A summary of the opening arguments in the Texas photo ID trial.

  • Carson Whitelemons
September 2, 2014

After nearly a year of litigation, the Texas photo ID trial started Tuesday, September 2. Visit our trial page for updates from the two-week trial as it proceeds. 

Opening Arguments

The first opening statement was provided by Elizabeth Westfall, an Attorney at Civil Rights Division for the Department of Justice.

  • A significant portion of Westfall’s argument discussed the impact of Texas’ strict voter ID law. She stated that, “Texas has a long history of official discrimination in voting that has continued up through the present.”
  • Westfall argued that the law denies Hispanic and African American voters equal opportunity to participate in the political process: Hispanic and African American voters are less likely to have the necessary underlying documentation, time, transportation, and money to get ID that is accepted under SB 14. She also pointed to evidence that Hispanic and African American voters lack access to motor vehicles at higher rates.
  • Westfall emphasized the history of the passage of SB 14, arguing that the Texas legislature rejected or omitted amendments that would have made it easier for those without the acceptable forms of identification to vote, and that would have brought Texas’s law in line with other less-restrictive state voter ID laws.
  • She stated that Texas has failed to effectively implement its free Voter ID program and reduce the cost of birth certificates: the Department of Public Safety has issued only 266 Election Identification Certificates, but there are 780,000 people who lack ID.
  • Westfall asked the court to issue an injunction against the law and require Texas to preclear its future election changes through the federal government.

Ezra Rosenberg, an Attorney at Dechert LLP, spoke next for the plaintiffs.
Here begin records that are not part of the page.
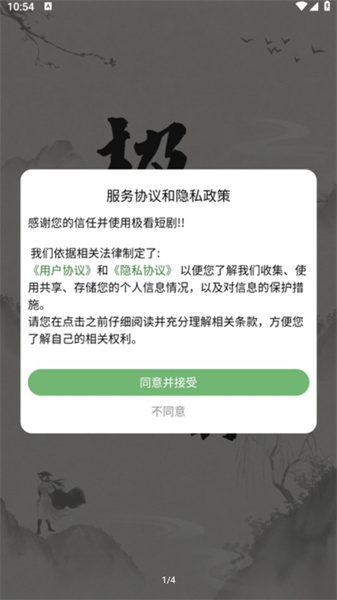 极看app图1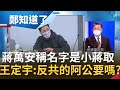 蔣萬安稱"名字是蔣經國取的" 有不忘本之意! 王定宇問:那反共的蔣經國要不要? 小蔣曾說"蔣家後代不從政" 蔣萬安要違背諾言選北市長?│鄭弘儀主持│【鄭知道了 精選】20220125│三立iNEWS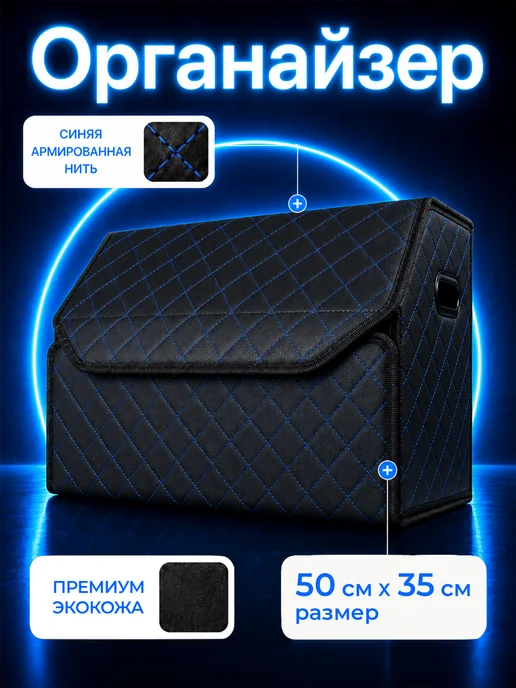BASOTA Органайзер в багажник автомобиля маленький 50х30х35см, синий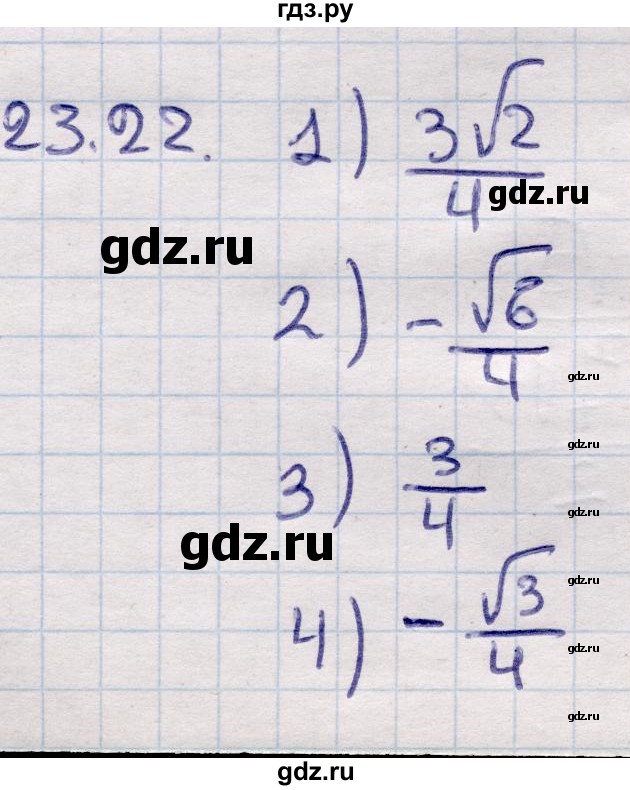 ГДЗ по алгебре 9 класс Абылкасымова   §23 - 23.22, Решебник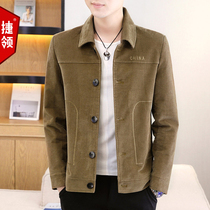 Autumn coat mens short Korean version lapel casual jacket 2021 new mens uniforms coat spring and autumn clothes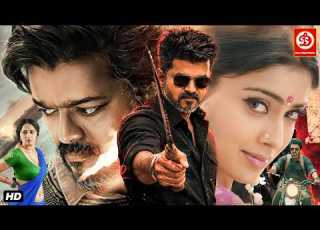  Vijay New 2026 Full Action South Indian Blockbuster Film New Hindi Dubbed Movie Shriya Saran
Mr. Rosenberg represents the Mexican American Legislative Caucus of the Texas House of Representatives (MALC), and the Texas State Conference of NAACP Branches. In addition to Dechert, the attorneys representing these plaintiffs are the Brennan Center for Justice, Lawyers’ Committee for Civil Rights Under Law, Law Offices of Jose Garza, the national office of the NAACP, Law Office of Robert S. Notzon, Potter Bledsoe L.L.P.,  and Covich Law Firm LLC.

  • Rosenberg stated that the Photo ID statute need not have been enacted, because it’s designed to prevent a problem that doesn’t exist: in person voter fraud.
  • He claimed that SB 14 was “designed to make it more difficult for Hispanics and African Americans to participate in the political process.” Rosenberg argued that every time the Texas legislature had two choices, it made the choice that would impact racial minorities more than whites. The legislature rejected amendments to accept other forms of IDs that minorities tend to have, that other states accept. They also included a form of ID that other states don’t— a license to carry a firearm— which is more likely to be owned by whites in Texas.
  • Rosenberg connected the story of strict photo ID in Texas to its contentious battles over redistricting. He argued that the very same legislature that enacted SB 14 enacted a redistricting plan that was struck down as discriminatory in 2012.
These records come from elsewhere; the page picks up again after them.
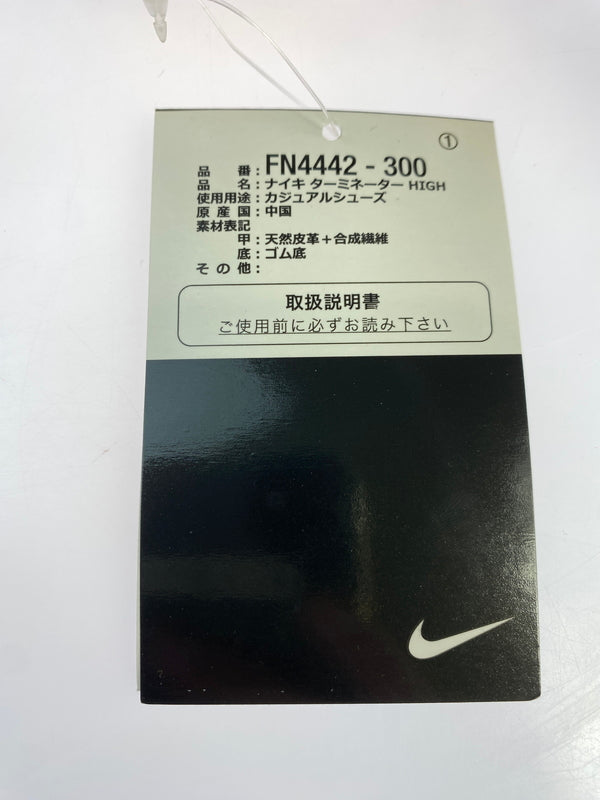 【中古美品】【メンズ】 NIKE ナイキ TERMINATOR HIGH FN4442-300 ターミネーター ハイ スニーカー 靴 160-261007-yn-04-min サイズ：30.0cm US12 カラー：BLACK FOREST/WHITE-DEL SOL 万代Net店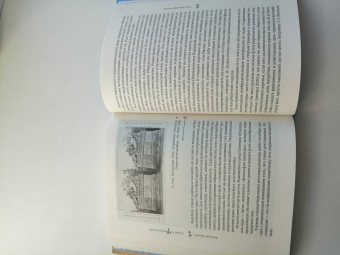 Дмитрий Лихачев: Русская культура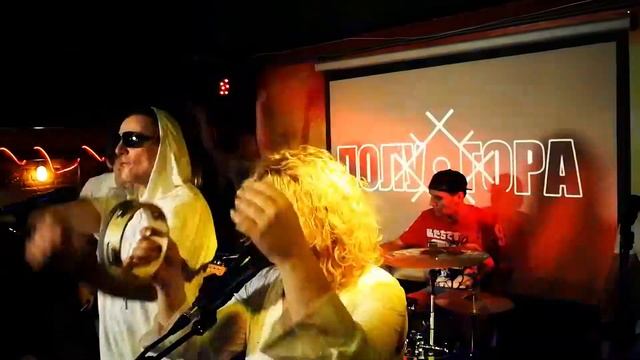 БрокколиBand - 140 (кавер "IOWA"). Выступление в рок-бар Безумий 22 декабря 2018 г. смотреть онлайн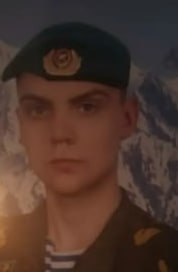 Фотография Соколов Артём Юрьевич, погибший солдат СВО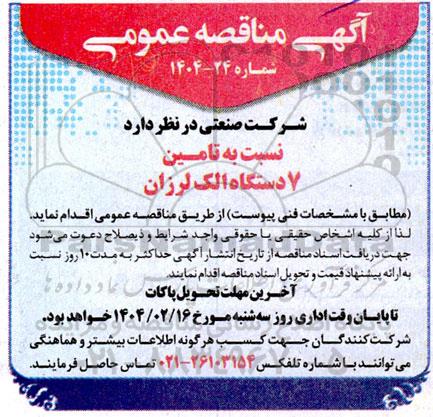 مناقصه تامین 7 دستگاه الک لرزان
Danielle Conley, an attorney from the Texas League of Young Voters Education Fund, spoke next. She argued that SB 14 imposes unjustified and discriminatory burdens on Texas voters; in particular, she argued, the new law disproportionately and substantially burdens African Americans’ voting rights. Conley said that “the law’s unmistakable purpose and effect is racial exclusion.” 
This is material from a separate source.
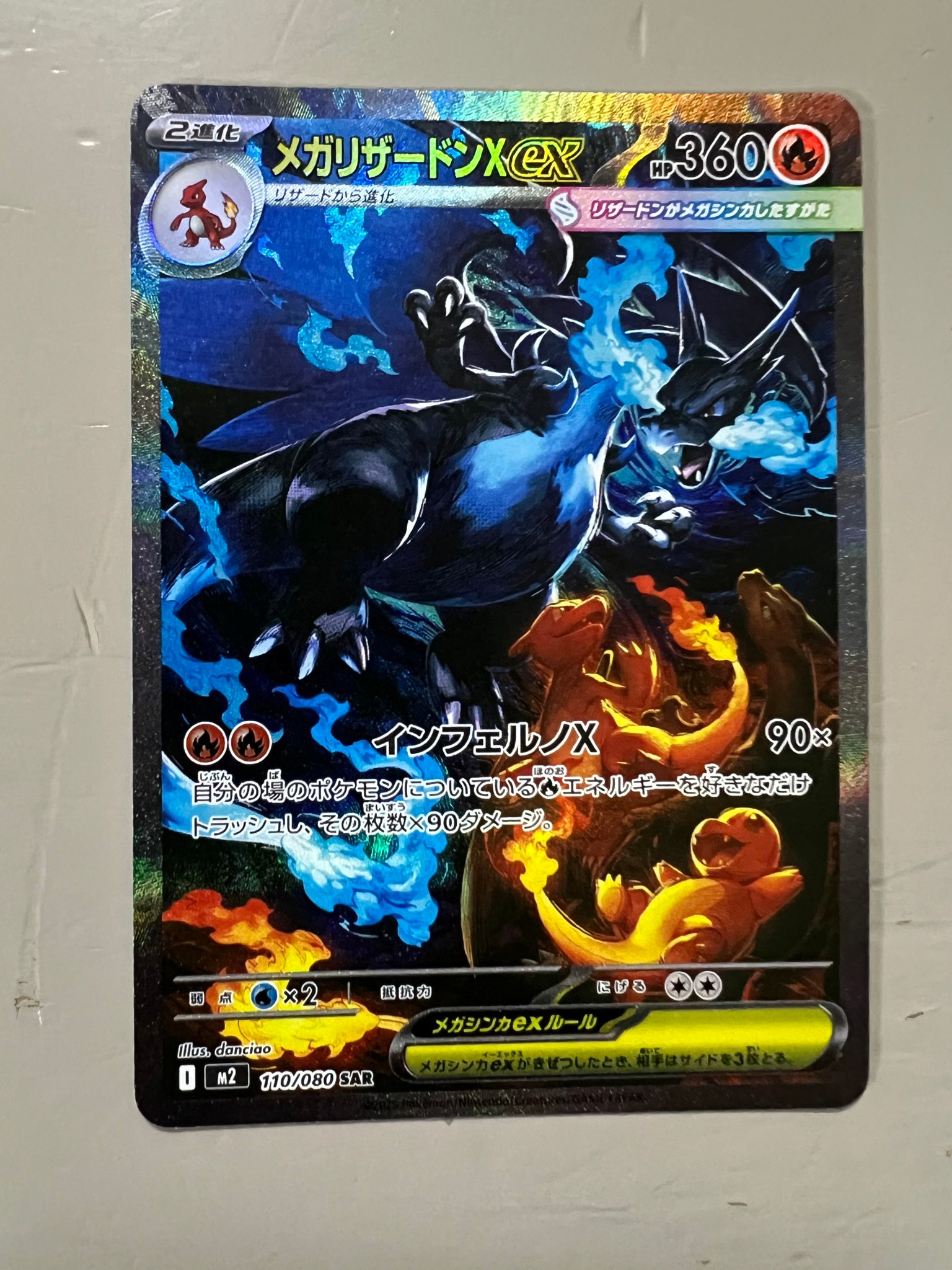 Mega Charizard X ex - 110/080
Jose Garza, an attorney representing the Ortiz Plaintiffs, pointed to the huge growth in Hispanic population in Texas recently.  Garza argued that the legislature chose to respond to this by limiting the political power of this population.

Chad Dunn, representing the League of United Latin American Citizens and Mark Veasey, argued that, at the end of the day, it will be indisputable that more than half a million Texans will lose the right to vote under SB 14. Dunn pointed out that half a million is greater than the voting age population of six states.

Speaking for the Defendants, Attorney John Reed Clay Jr. argued that the ID requirement was reasonable, that the law had public support, and that there are flaws in expert’s data showing a large number of disenfranchised voters.

  • Clay argued that you need a photo ID to do a bunch of everyday things:  cashing a check, opening a bank account, boarding a plane, entering a courthouse. Requiring this ID for voting as well is a reasonable addition.
  • Clay also pointed to public opinion data showing a majority of Texas voters have supported this law for years.  He claimed that this was even true among minority Texas voters: 66% of black voters and 68% of Hispanic voters support photo ID laws. 
  • Clay quoted from the Supreme Court’s decision in Crawford v. Marion County, which he claims supports SB 14, particularly with respect to how much of a burden the law places on voters. He also argued that the state sent mobile Election Identification Certificate units to areas they believed had low levels of ID ownership to provide access to free voter IDs.
  • Clay had three main points rebutting the testimony of the plaintiff’s experts. First, he argued that the no match list used for analyzing how many voters have acceptable forms of identification is the keystone of the case, but it’s not reliable. Second, he argued that   the ecological regression used by the plaintiff’s experts was a crude tool. Third, he claimed that the transportation analyses conducted were too generalized to be meaningful—that the data does not get to individual voters’ experiences.
  •  Clay ended with an argument that Texas voter id laws were enacted to improve the integrity of election process, to serve as a backstop for woefully inaccurate voter rolls, and to prevent and deter voter fraud, both in person and otherwise.